Piero Grasso, qualche anno addietro, quando era procuratore nazionale, diceva: “Ogni giorno a tavola degli italiani nelle case, nei ristoranti, nelle mense scolastiche, e aziendali siede un convitato criminale non invitato e non gradito”.
E aveva ragione, ma questa è tutta un’altra storia. La riflessione che vi voglio porre è questa. Mentre si assiste ad un balzo positivo dell’industria alimentare, l’agricoltura non fa reddito.
I prodotti non si vendono e sono assoggettati al volere della grande distribuzione e dell’industria agroalimentare. Mi viene da concludere che l’agricoltura italiana si avvantaggia poco o pochissimo del boom dell’export agroalimentare.

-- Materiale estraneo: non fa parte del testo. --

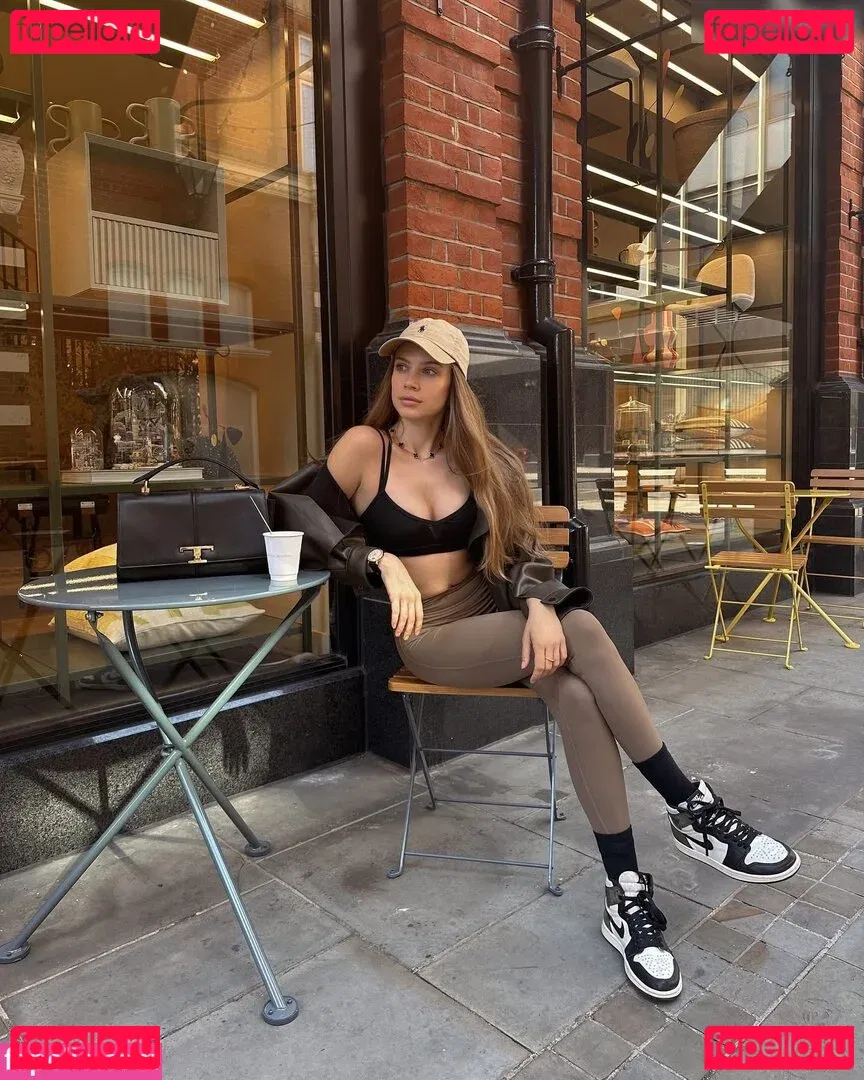 Xenia Tchoumitcheva Onlyfans Photo Gallery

Quindi, salta subito all’occhio analizzando i numeri dell’import ed export che per la nostra meravigliosa pasta Made in Italy è prodotta con grano straniero, la stessa cosa succede per l’olio, formaggi e dolci con la frutta secca, ecc. Nel 2017 abbiamo importato 7 miliardi e 400 milioni di prodotti. E’ orami accertato che la produzione italiana non riesce più a soddisfare la crescente domanda dell’industria alimentare.
A me viene da pensare che, prima o poi, qualcuno possa arrivare alla conclusione che questo Made in Italy “non è tutto oro che luccica”. Allora cosa fare? Prima di tutto favorire una politica che favorisca l’aumento della produzione, per sopperire alla crescita dell’export italiano. Secondo, il settore agricolo ha necessità e urgenza d’integrarsi sempre di più con quello agroalimentare favorendo la nascita di più filiere che garantisca di incrementare una parte del valore aggiunto dell’export.